Overview

Once a pariah state, Myanmar (formerly Burma) is now one of the hottest destinations for travelers in Southeast Asia. It has only been a decade since the country opened its doors to the visitors around the world and is gaining huge popularity with the travelers from all over the globe, all thanks to its wide array of tourist sites such as the golden stupas as tall as skyscrapers, ancient ruins, fascinating hill tribes, unexplored jungles, peaceful beach resorts, masses of monks, and mesmeric cities made legendary by writers like Rudyard Kipling and George Orwell. Even in initial years of the country being opened to tourism, they were restricted to a handful of locations like the majestic temples of Bagan, the monasteries of Mandalay, the floating villages of Inle Lake, and Yangon the former capital, with its colonial relics and towering pagodas. However, tourists even came to visit the impressive architecture of the Golden land. The country is also very famous for its extremely friendly locals who are very religious and traditional, still at present.

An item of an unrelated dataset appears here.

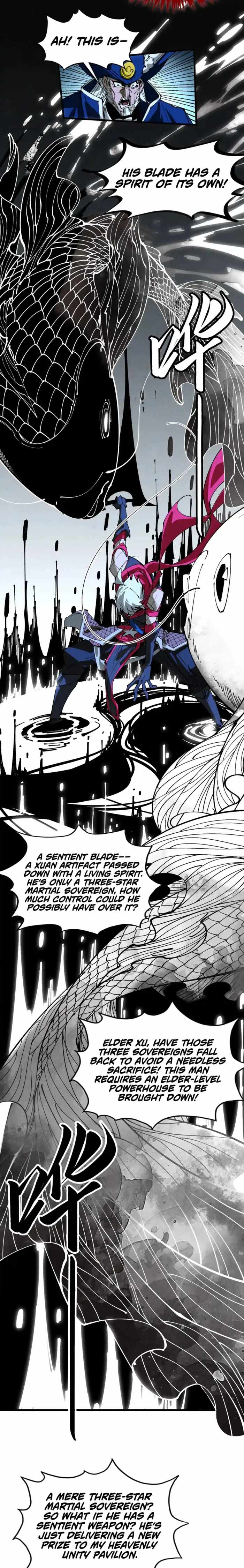 Rebirth of the Ultimate Master Chapter 444 — Page 11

You will board the boat in Yangon and disembark in Mandalay. With the luxury cruise tour in Irrawaddy River, you will be sailing through Magway, Mingun, Bagan, and seven other destinations in Myanmar. This trip takes 11days and includes accommodation onboard the ship, transportation, meals, and many more.

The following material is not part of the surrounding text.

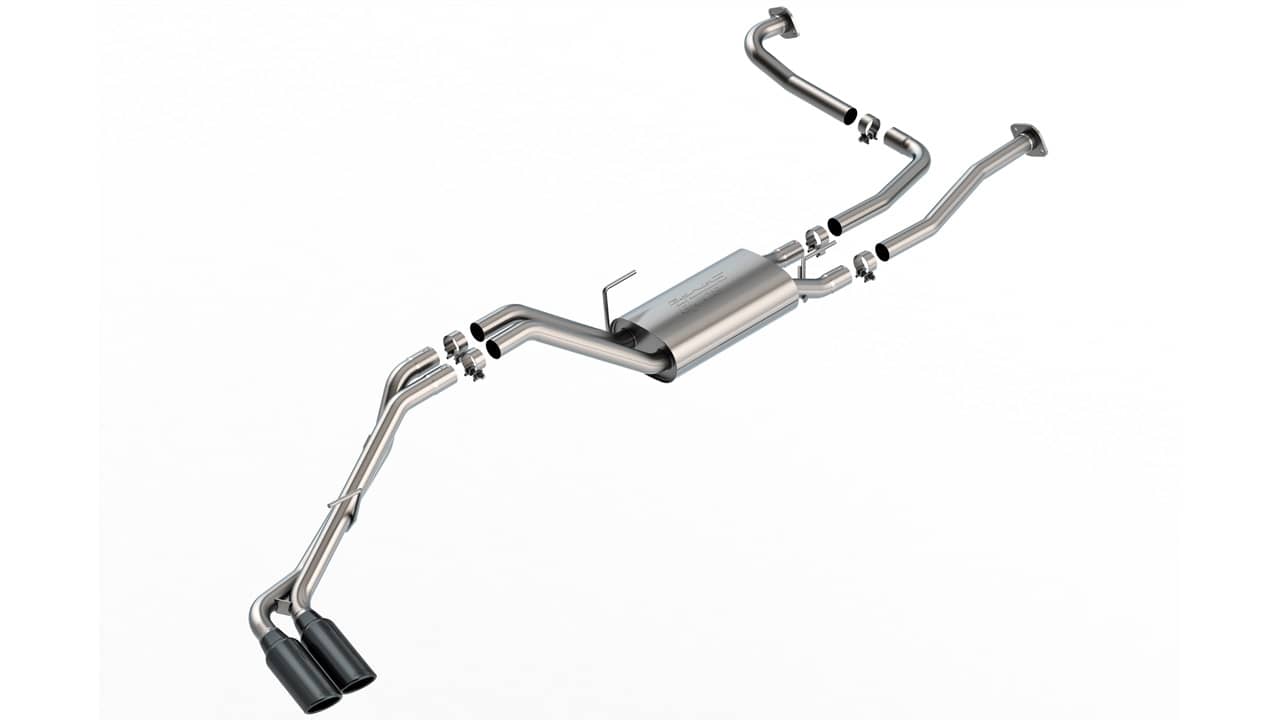 Borla - 140984BC - Exhaust System Kit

The trip begins with the exploration of Bagan's ancient history. Bagan, once the capital of Burma thrived tremendously during the 11th and 13th centuries. Travel downstream to the Sala and learn about the colonial history and tour Magye before beginning the upstream trip to Mandalay. Lay back at the boat and watch the ever-changing scenery pass by. Stop in Pakkoku and learn their traditional crafts, immerse yourself in the spiritual lives of the local nuns in Sagaing, and cruise through the waters where you may see Irrawaddy dolphin to the village of Kyauk Myaung, the pottery village. Finally, the trip ends in Mandalay, the legendary town and one of the major attractions of Myanmar.

Trip highlights

What's included?

  • Accommodation
  • Transportation
  • Meals

What's excluded?

  • International Airfare
  • Travel Insurance

Itinerary Show all

Day One:

Yangon/ Bagan/ Irrawaddy Cruise

Your tour director will meet you at your hotel in the morning for your flight to Bagan. Bagan, located on the banks of the Irrawaddy River houses the world’s thickest concentration of Buddhist temples, stupas, pagodas, and ruins, many of them date back to the 11th and 12th centuries. The construction and shape of each building has specific spiritual meanings and are highly significant in Buddhism. Bagan became a major power base during the rule of King Anawratha in the mid-9th century who unified Burma under Theravada Buddhism.

Formerly, as many as 13000temples and stupas stood on this 42sq.km. Plain in central Myanmar, however, only about 2200 remains today in various states of the wreck. Some of them are large and well-preserved like the Ananda Pahto, others are small, rundown remnants covered by overgrown grass. Burmese considers all temples in Bagan sacred, so you should dress in a way that covers your shoulders and knees and enter the temples with no shoes and socks to show respect to their culture. Upon arrival, your driver will greet you at the airport and take you to the hotel where you will enjoy your lunch. After lunch, you will head to visit the renowned Ananda Temple. Later, we will drive to the luxurious Scenic Aura and lay back as you set sail.

Day Two:

Magwe

Today, enjoy the day of cruising while sailing to Magwe. Magwe is the west-central Myanmar town on the Irrawaddy River right opposite of Minbu. The surrounding area of Magwe is part of the dry zone of Myanmar's central basin with Irrawaddy to the west and the Pegu Mountains to the east. Most of the part of the Magwe division falls within the dry zone, so it is very hot during the suffering season and relatively cold during winters. During April, which is the hottest month in Myanmar, the average temperature of this region is 90degree Fahrenheit. Bamars inhabits majorly in this region, while there are also others like Chins, Rakhines, Kayin's, Shans, and others.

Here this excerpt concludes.